All of its special effects and high-tech imagery aside, though, JFETS offer's critical training in synchronizing artillery, air support and other fires and effects on the battlefield, said Maples. He said that training universal observers and battle staff in fires and effects capabilities and doctrine is vital to reducing the amount of time between identifying a target and delivering fires.
"I would say we've really got to look at 'sensor to effects' solutions," Maples said. "You've got to minimize the amount of time from the when you see the target ... until you produce the effects on the target. So we've got to have that whole linkage put together, and it's a pretty complex business. This is not easy. It has to be trained."
Service members of all branches and ranks will eventually train at the facility. Right now, there is no other facility comparable to JFETS, said Maples.
"We largely rely on our service component schools to ... train its component pieces of the armed services. What we don't have at this point is that integrated function that enables us to train members of all services in the applications of all of the joint fires and effects capabilities that are available to our armed services, Maples said.

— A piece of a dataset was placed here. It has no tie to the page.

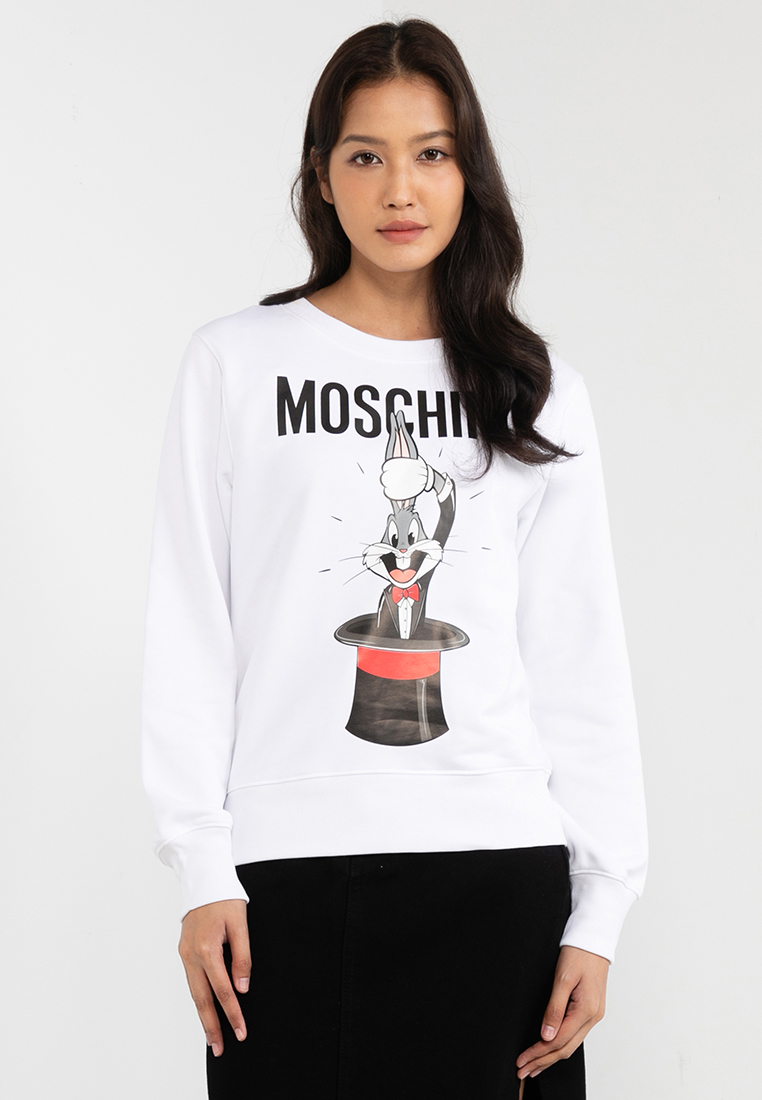 MOSCHINO Bugs Bunny Print Crewneck Sweatshirt (ik)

We have witnessed in Operation Iraqi and Operation Enduring Freedom ... how important it is for us to be able to integrate fully all of the joint fires and effects that are available to us. That's how we want to fight, as the armed services of the United States, in the future."
Maples said that JFETS is key to the future of training on joint fires and effects at Fort Sill.

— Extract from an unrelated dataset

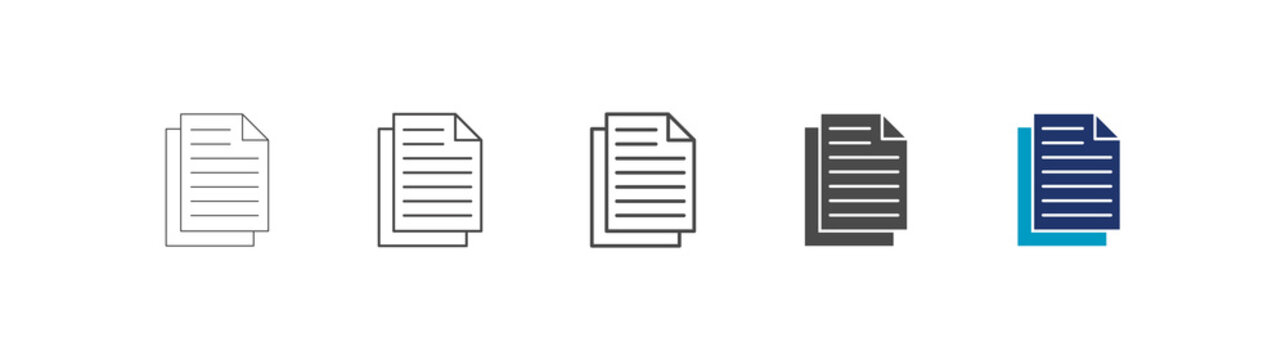 document icon set consisting of multiple styles vector illustration. editable stroke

"This is not optional. This is not 'nice to do.' This is how we're going to fight in the future, and we've got to train that way," he said.
"As we move into transforming joint fires and effects on Fort Sill, we've got to move into this Operational Fires Arena, and the potential for training battle staff, and the potential for integrated fires and effects at an operational level is key to the training that we're going to produce," Maples said.

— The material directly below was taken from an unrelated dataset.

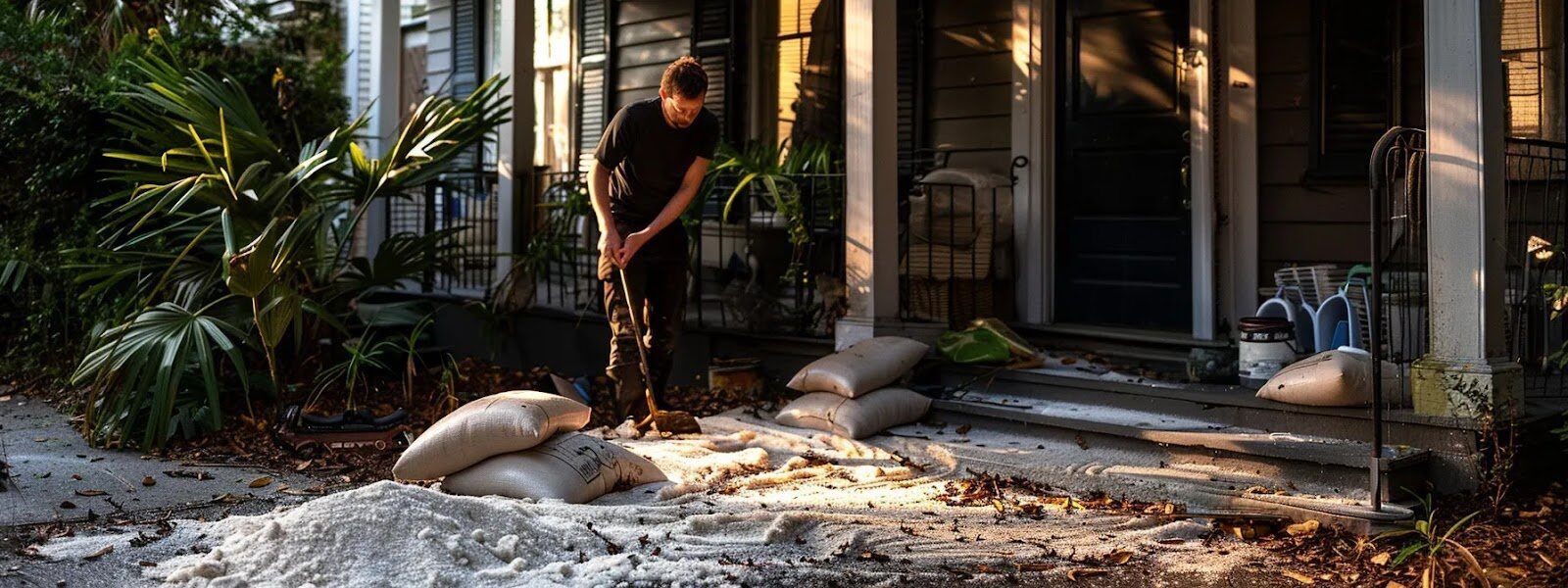 A homeowner doing flood mitigation efforts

JFETS is currently funded for $3.5 million in development this year, according to post officials, but it will be about 2006 before the first trainees step into its virtual training world.
Contractors completed the demonstration phase this week. Its 8,000 square feet houses an Open Terrain Module, Urban Terrain Module and a Fires and Effects Cell Module.
The OTM boasts the 150-degree, 15-foot-high by 30-foot-wide screen, with real-time, photo-realistic graphics, surround sound and artificial intelligence. Service members can be trained on mounted and dismounted call for fires.
In the UTM, a computer-generated city is projected on the wall in front of the trainee, while other soldiers' images (virtual humans) are projected on the wall to the left of the trainee. The trainee interacts with the virtual soldiers as a team during the exercise. The trainee acts as a universal observer, working through target related issues and calling for fire. Calling for fires and effects in an urban environment is the most challenging for a universal observer, because of the requirement to limit collateral damage and non-combatant casualties.
In the FECM, battle staffs oversee battlefield management and can be linked to each of the two other modules by story and voice communications, planning and integrating the generation of fires and effects.
Maples said the technology is not intended to replace live-fire training and may eventually be linked to live-fire training outside the facility.